As we prepare for Mitchell’s gradual physical descent, we sit on the edge (as it were) of a dark and lonely abyss . . . frightened and trembling . . . not so much for ourselves but for Mitchell. There is a long journey ahead for my family, especially for Mitch.  He will go places where we will not be able to follow; but we will be beside him and behind him: holding him, loving him, kissing him, and cheering him on.  At some horrifying point, he will comprehend that this progressive disease will take his life … and at that moment, he may be like I am today, trembling at the knees and breathless – bewildered by what is before him – scrambling to find a way out and a hope for a cure. I hope and pray I can be strong for him – but today I am a jellyfish.

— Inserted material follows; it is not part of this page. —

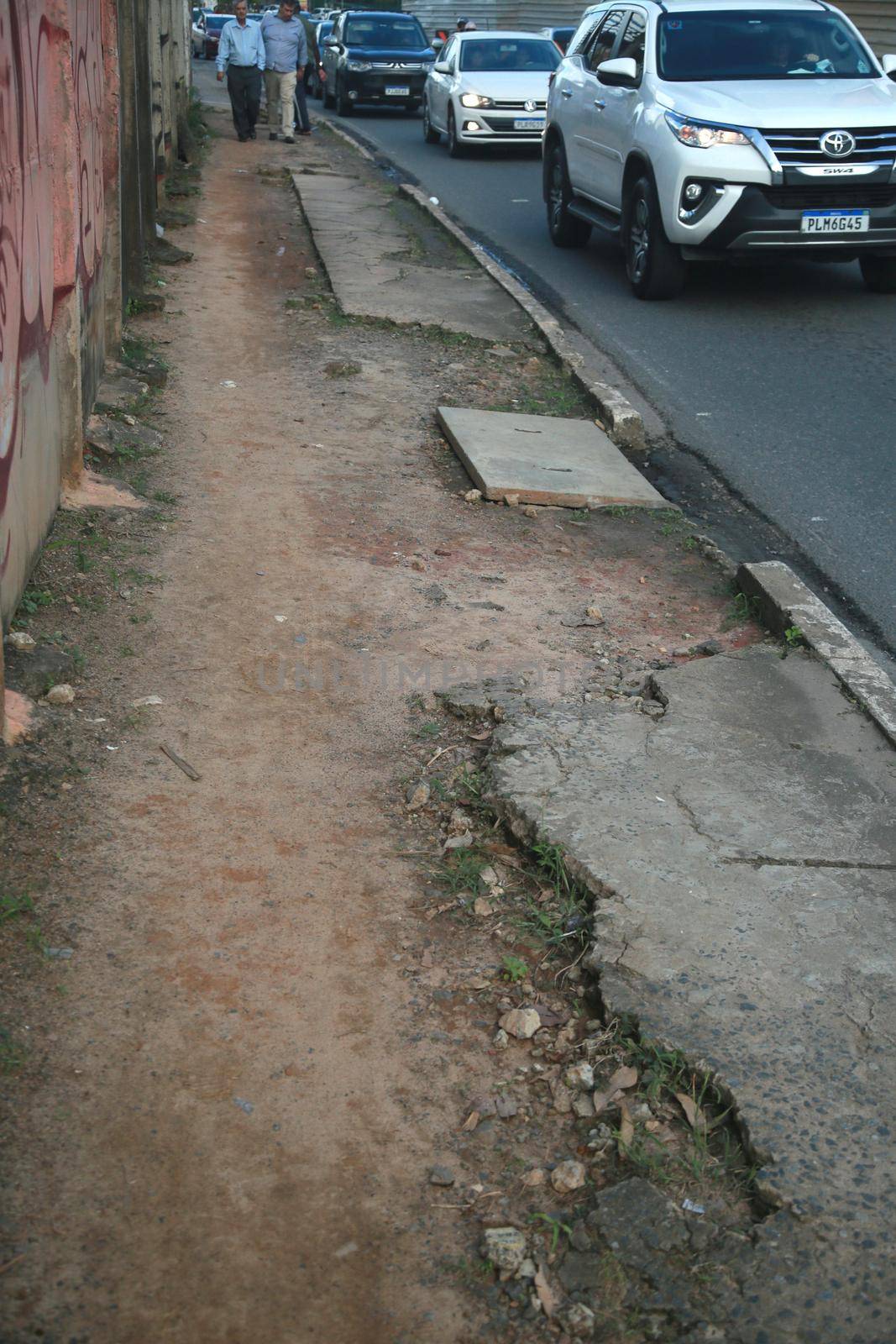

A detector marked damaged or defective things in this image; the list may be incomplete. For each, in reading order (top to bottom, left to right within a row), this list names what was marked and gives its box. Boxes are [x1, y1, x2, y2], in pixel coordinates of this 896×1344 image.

Something happened a few years ago and I don’t completely understand why . . . and I suppose in time that it will be revealed; but, since the day Mitchell was born, I have had a recurring and persistent impression that his life on this earth would be short. This feeling came long before this devastating news about his disease – and when we had no reason to believe such a thing. Over time I told only a few people about this impression (Mom, Natalie’s parents, my wife, and a few close friends – I even remember telling some of you). But for reasons I don’t completely understand at this point – I had this persistent uneasiness about him. I now see (at least) that our loving Heavenly Father wanted me to know something was wrong. And indeed – something is. He warned us . . . in effect prepared us to some degree. And if He did that, He will also carry us places we don’t have the strength to go ourselves.


We will teach Mitchell (and our other children) about the Plan of Salvation and the love of our Savior of Jesus Christ and foster an environment where his testimony will flourish. And as he confronts the reality of a short life on this earth – we want him to be prepared for the next life. And that will be the greatest gift we can give him.


We love our little boy – so very much. And while Natalie and I are in the wake of every parent’s worst nightmare – we will eventually learn to stand tall for him and be a guiding light as he navigates a short and difficult life.


I am grateful to have learned something of the Atonement – and while I have much to learn about that sacred topic, I know enough about the hope it provides to keep from sinking.